In this book I explore the history of copper workers by looking at the living and working conditions of the workers and the sociopolitical aspects of copper production. The study focuses on one particular complex of mines and plants, Potrerillos and El Salvador, from the end of World War II to Chile’s transition to democracy in the early 1990s. Potrerillos and El Salvador are located in the province of Chañaral, in the southern part of the Atacama Desert, on the western slope of the Andes. At an altitude of seven thousand feet, Potrerillos and El Salvador have few water resources, almost no vegetation, and a high-desert climate. After its copper was depleted, Potrerillos was replaced in 1959 by the El Salvador mine, thirty miles away. From 1917 to 1971, the mines were owned by the Andes Copper Company, a subsidiary of the Anaconda Copper Company, then among the three largest copper corporations in the world. Since the nationalization of copper in 1971, the mines have been owned by the Corporación del Cobre (codelco), a state-owned copper corporation.

The history of Potrerillos and El Salvador was shaped by complex negotiations and conflicts between labor, foreign capital, and the national state. At the local level, workers, management, and state authorities defined the organization of production and of living and working arrangements. At the national political level, copper labor unions demanded from the state and legislators changes in labor and social legislation.
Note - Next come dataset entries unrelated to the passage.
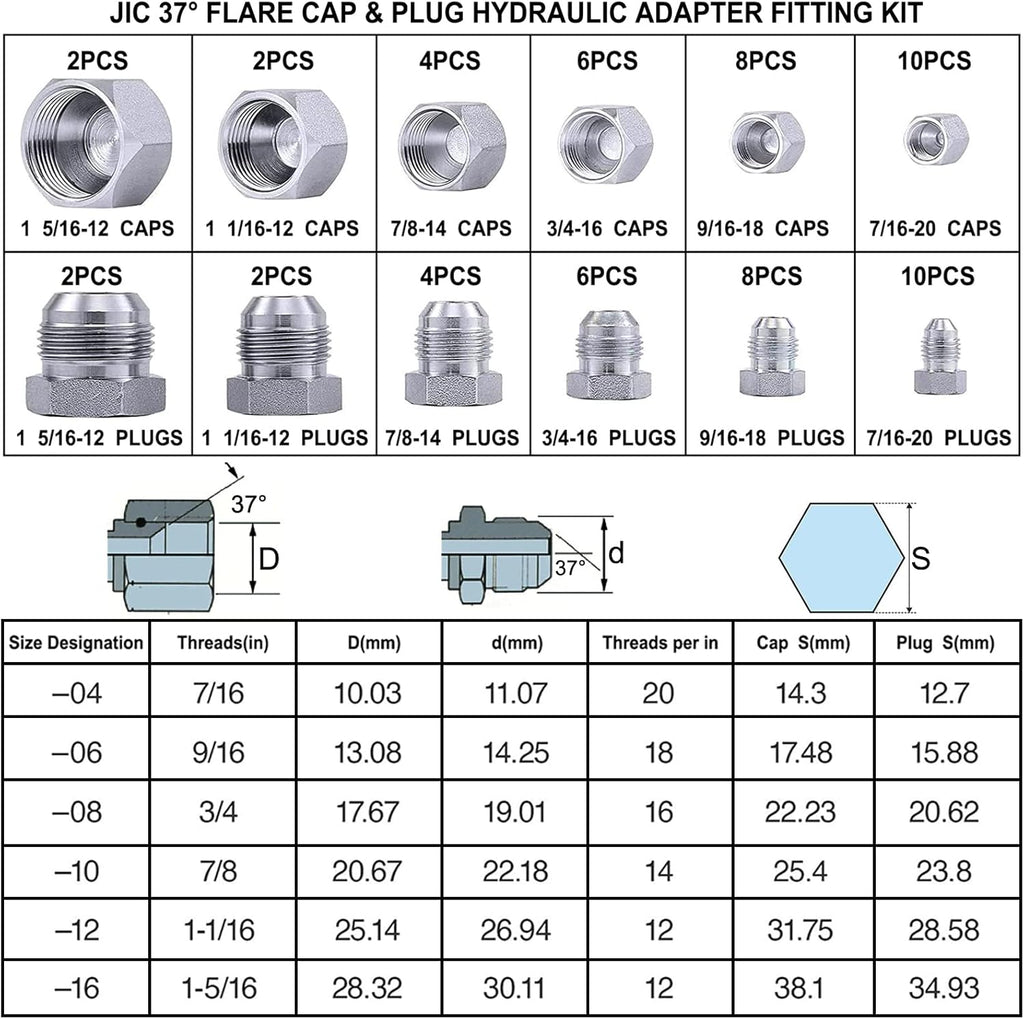 64pcs JIC 37° Flare Cap & Plug Kit, Galvanized Steel, Sizes-04 06 08 10 12 16 T1671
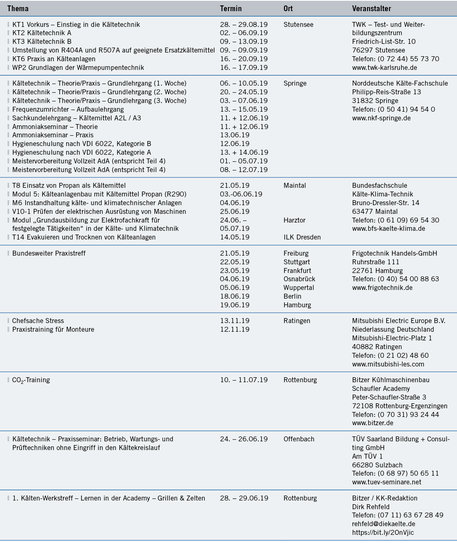 Seminare und Kongresse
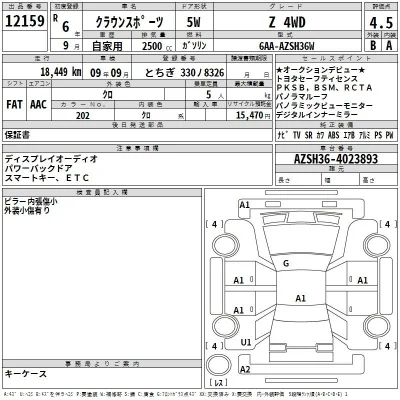 Toyota Crown Sport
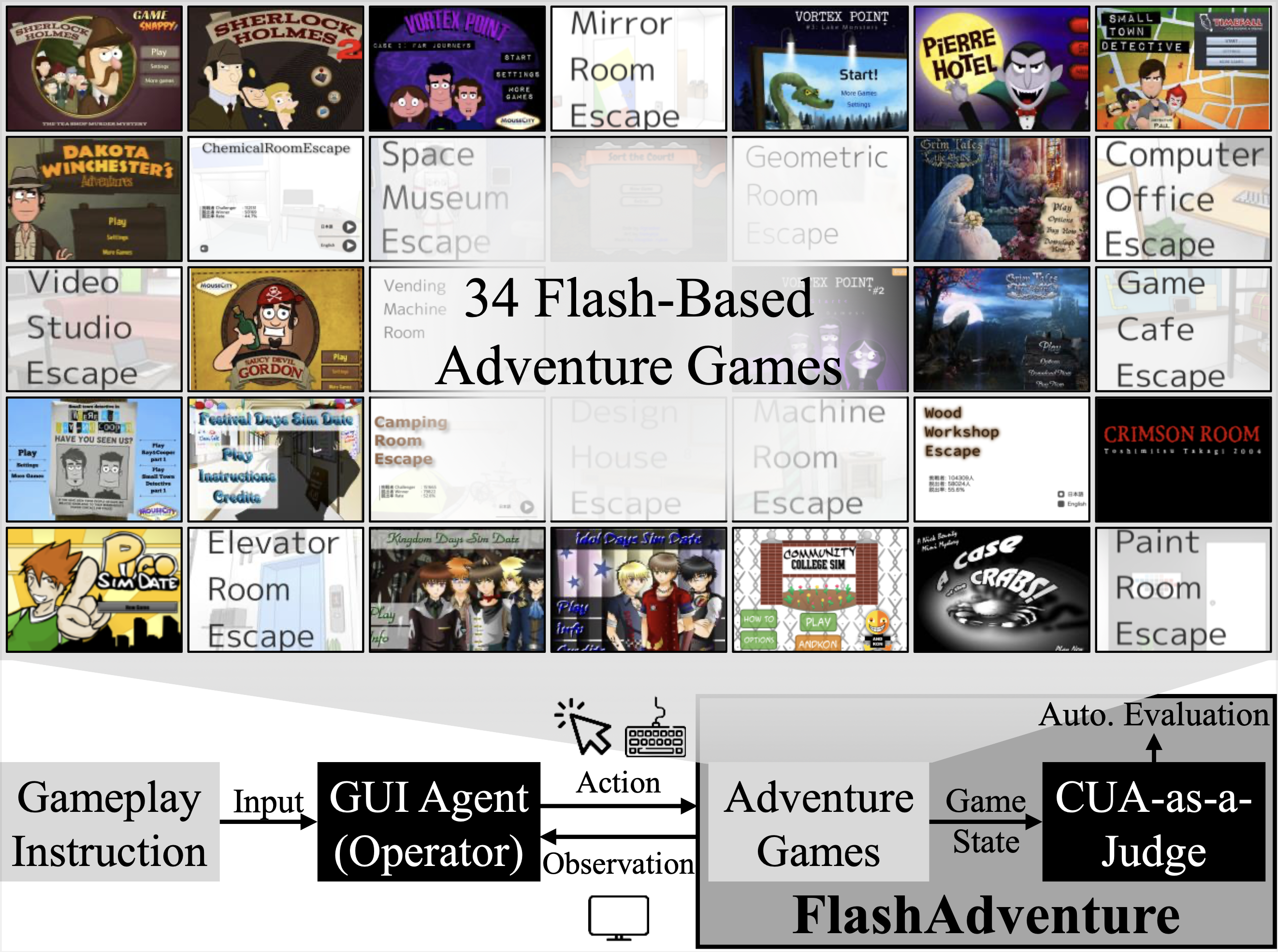 FlashAdventure Header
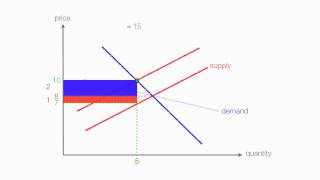 How to calculate Excise Tax and determine Who Bears the Burden of the Tax [upl. by Eseryt]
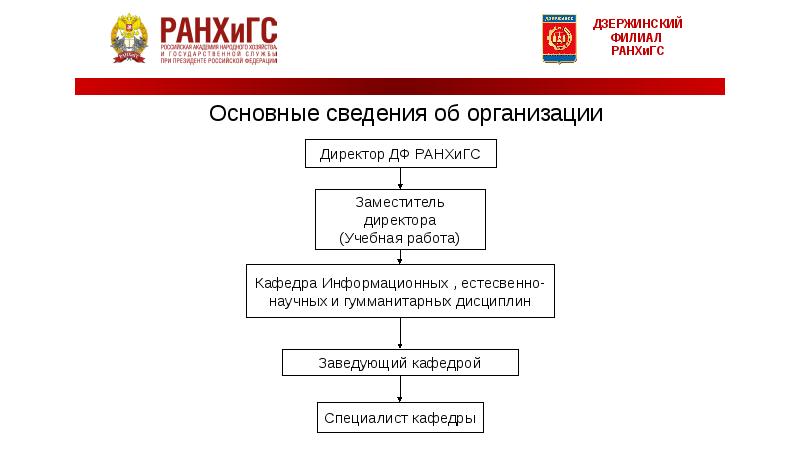 Презентация вкр ранхигс - 89 фото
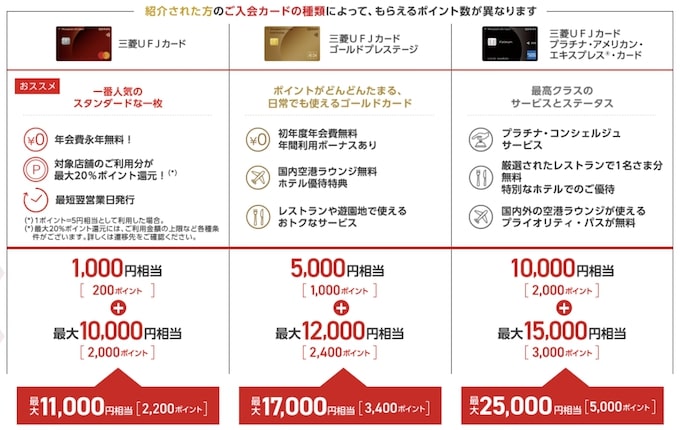 三菱UFJカードの種類別でもらえる入会特典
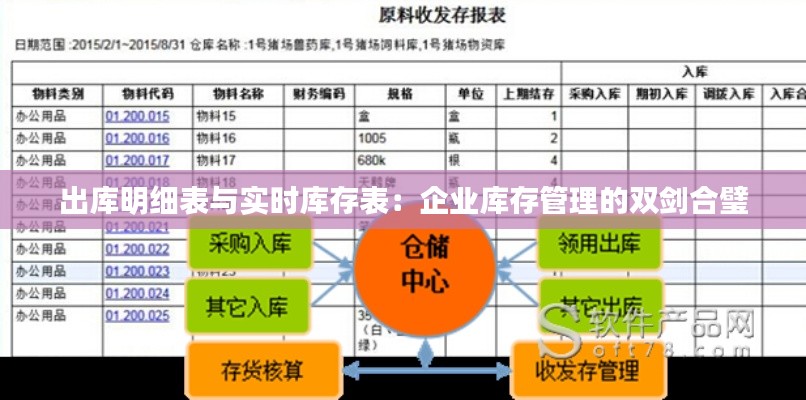 出库明细表与实时库存表：企业库存管理的双剑合璧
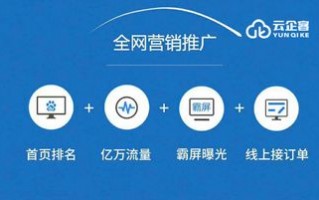 114广告联盟，打造高效广告推广，助力企业精准营销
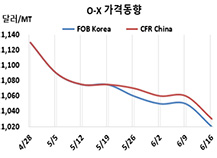O-X, 초강세가 와르르 무너지고…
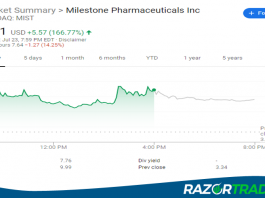 MIST Traded Higher on 224 Million Shares of Volume
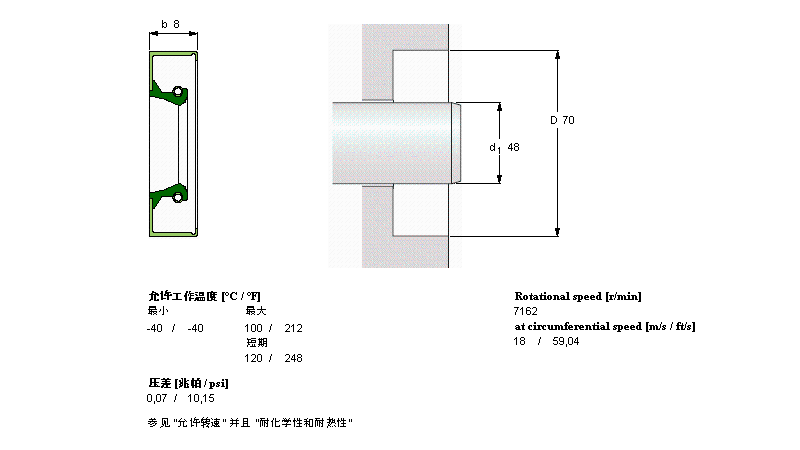 SKF 径向轴密封件CR48x70x8CRW1R样本图片
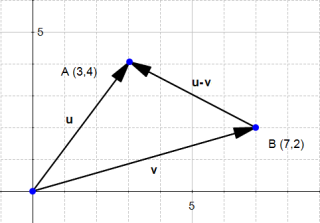 06-difference-of-two-vectors-1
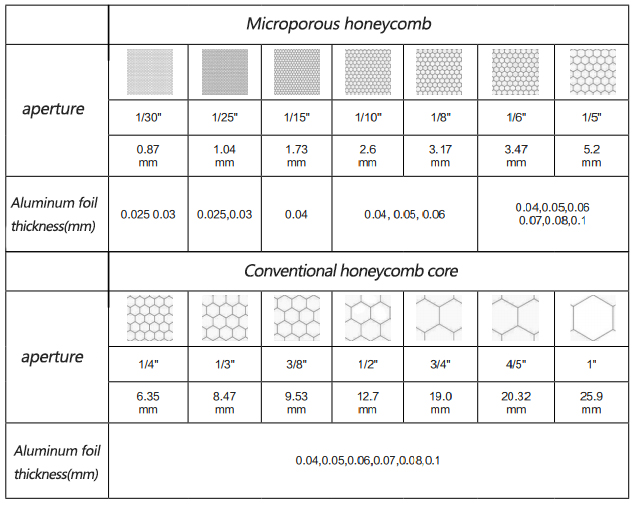 aluminum honeycomb core Specification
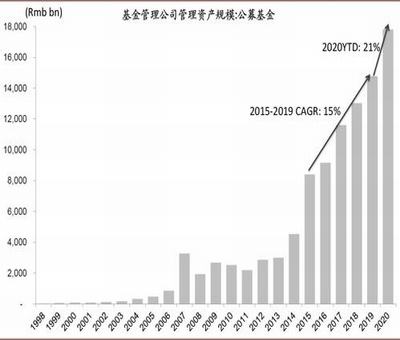 中國創(chuàng)業(yè)板是從什么時候開始的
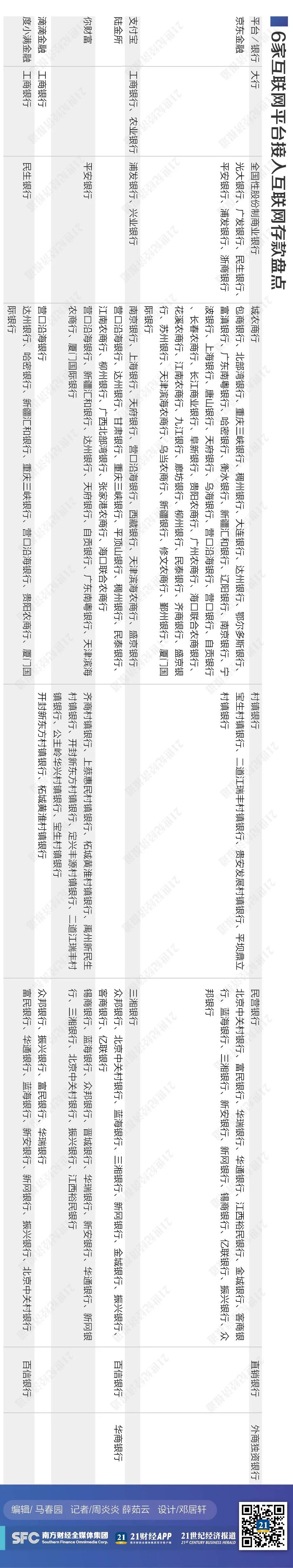 互联网存款叫停已经存了的怎么办,监管叫停互联网平台存款产品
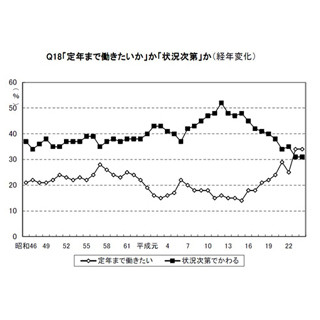 「人並み以上に働きたい」新入社員が半数近くに - 就職バブル期に比べ急増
At the same time, U.S. copper corporations, the national state, and the Copper Workers Confederation discussed the directions of copper policies and the rights and obligations of foreign investors. These interactions were ultimately shaped by the international copper market and changes in world demand and supply of copper. By taking into account how these actors interacted at different levels, I seek to overcome the traditional division in copper historiography, between the local, labor history of copper workers and management and the political and economic history of the relationship between the state and copper companies.

The cases of Potrerillos and El Salvador demonstrate how the characteristics of a foreign-owned-company town created enormous tensions between workers and management and, eventually, the state. As in many mining and company towns around the world, management was responsible for providing basic services, among them housing, food, transportation, health care, and entertainment. Andes Copper segregated Chilean workers from foreign supervisors and established two separate payroll systems (dollars for U.S. managers and supervisors and local currency for Chilean workers). It also regarded the camp as private property, restricting the access of visitors and independent shopkeepers. The intersections of living and working spaces, the strong presence of the company in workers’ daily lives, the company’s efforts to control and shape the working community, the gap between foreign managers and Chilean workers, and urban segregation became the basis of a radical and nationalistic labor culture in these camps.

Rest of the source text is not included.